Eles tinham sido colocados na reserva com o posto de tenentes e, alguns, de capitães. Estes oficiais milicianos, se quisessem entrar no quadro permanente, frequentavam um curso intensivo de dois anos na academia militar, após o qual eram integrados no quadro permanente como alferes graduados em capitães. Ora, os cadetes da academia militar frequentavam o curso normal de quatro anos que lhes dava o posto de alferes.

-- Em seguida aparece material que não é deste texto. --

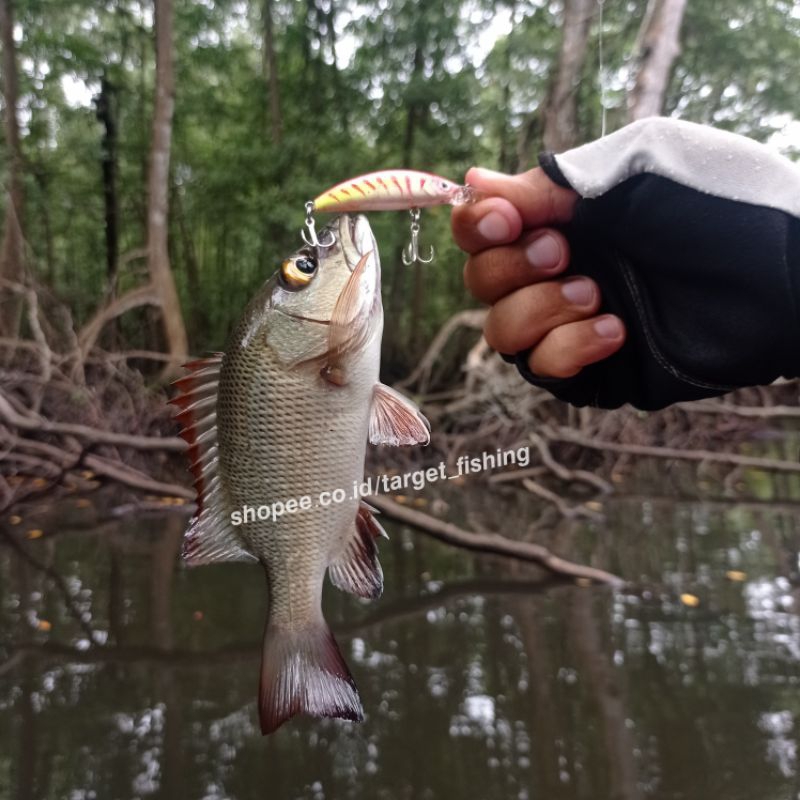 Minnow UL Lidah Panjang 7cm 6gr - Umpan Casting Ultralight Minow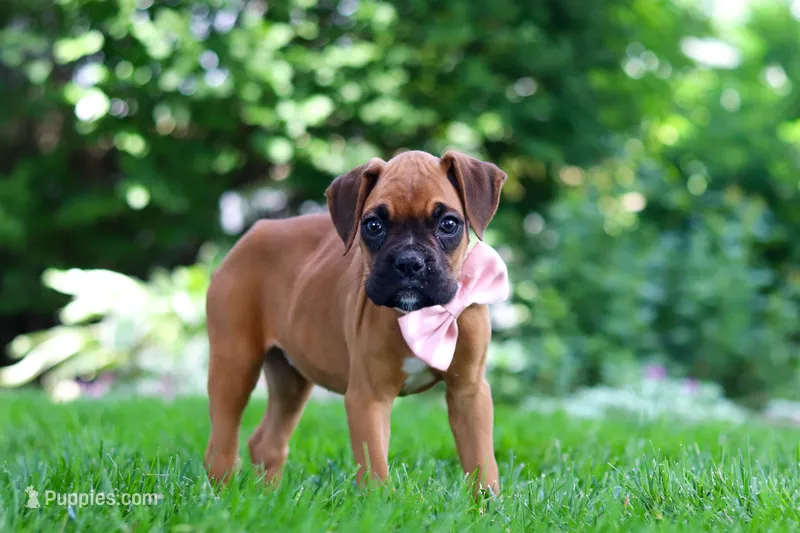 Lily – Boxer puppy for sale in Fredericksburg, OH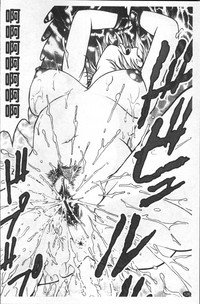 第135頁圖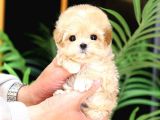 SHOW DUZEYDEKI MALTIPOO BEBEKLERIM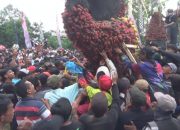 Ribuan Warga di Jombang Saling Berdesakan Berebut Gunungan 2 Ton Buah Manggis Gratis Dalam Tradisi Andum Manggis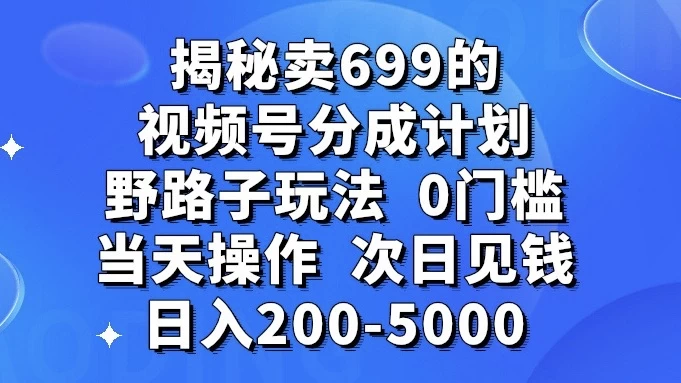 揭秘卖 699 的视频号分成计划野路子玩法，日入 200-5000，0 门槛，当天操作，次日见钱 - 小辰精品|源码站™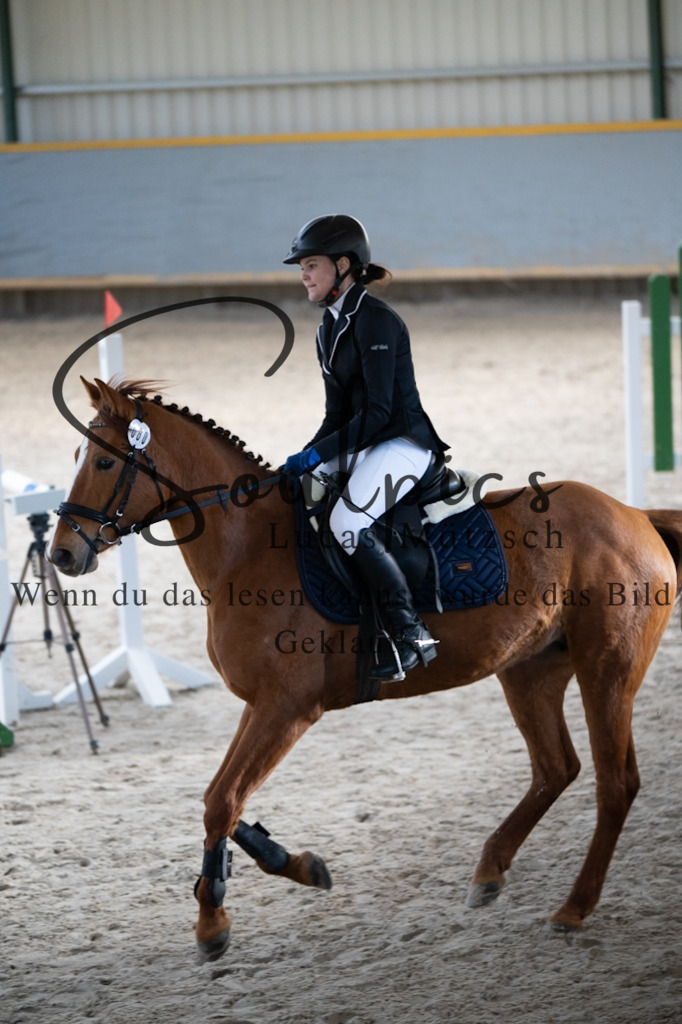 A7V01992 | Pferdefotograf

Havia apesar de tudo um sistema moral de compensações - justificáveis - porque o miliciano acabava o curso intensivo lá pelos 25-35 anos, enquanto que o cadete acabava o curso normal por volta dos 20 anos , o miliciano integrado no quadro permanente entrara na academia militar com uma preparação universitária parcial, ou até completa tendo obtido o respectivo diploma, enquanto que o cadete entrara apenas com uma preparação liceal. O miliciano já tinha passado pelo Ultramar e ia pela segunda vez, enquanto que o cadete, é evidente, não tinha ainda estado lá. Mas, o que era decisivamente importante, e de uma importância moral inegável, é que a Pátria sustentava uma guerrilha que lhe era imposta, o que justificava medidas transitórias e de circunstância com o fim de suprir a falta de oficiais. Os militares que, após o 25 de Abril e o desastre económico que a sua incompetência provocou, fariam apelo, eles próprios, aos sacrifícios da Nação, não quiseram compreender as graves circunstâncias especiais relativas ao acesso do miliciano ao quadro permanente.
Os militares exigiam, por exemplo, que os oficiais que foram milicianos (e que tinham frequentado a academia militar entre os 25 e os 35 anos), não fossem promovidos a capitães, sem que os oficiais vindos dos cadetes e que terminaram os cursos da academia militar aos 20 anos, não tivessem sido promovidos a capitães. E, falando do «prestígio do exército», das «perspectivas finais» de uma carreira militar «atraente» [1]. Os «capitães» colocaram todo o problema de um modo puramente mercenário: em causa estavam exigências de salários mais deslumbrantes e outras regalias para os seus futuros. Esta passagem é tirada de um anexo à circular do movimento dos capitães, datada de 23 de Outubro de 1973, isto é, seis meses antes do golpe de 25 de Abril. Até àquela data, a indisciplina ligada às reivindicações mercenárias tinha-se limitado a ameaçar o governo com a demissão colectiva dos oficiais de todas as graduações e de todas as armas, segundo se lê nos n˚s 8 e 11 da circular de 23 de Outubro de 1973. A ideia de defender a Pátria tinha sido posta de lado. Como fazer desta vergonha um caso justificável perante a Nação? Só a partir de 24 de Novembro de 1973 é que o tenente-coronel Ataíde Banazol, que devia partir dentro em pouco, em serviço militar para a Guiné portuguesa, sugere numa reunião de capitães, a viragem do comportamento mercenário ao comportamento político com a ideia de uma intentona contra o Estado. Ele queria que imediatamente se agisse, e apresentou o seu programa que não foi aprovado, mas a ideia de uma politização civil no seio destes militares espalhou-se constantemente: «explicava-se pelo facto de o seu Batalhão seguir para África antes do fim do ano.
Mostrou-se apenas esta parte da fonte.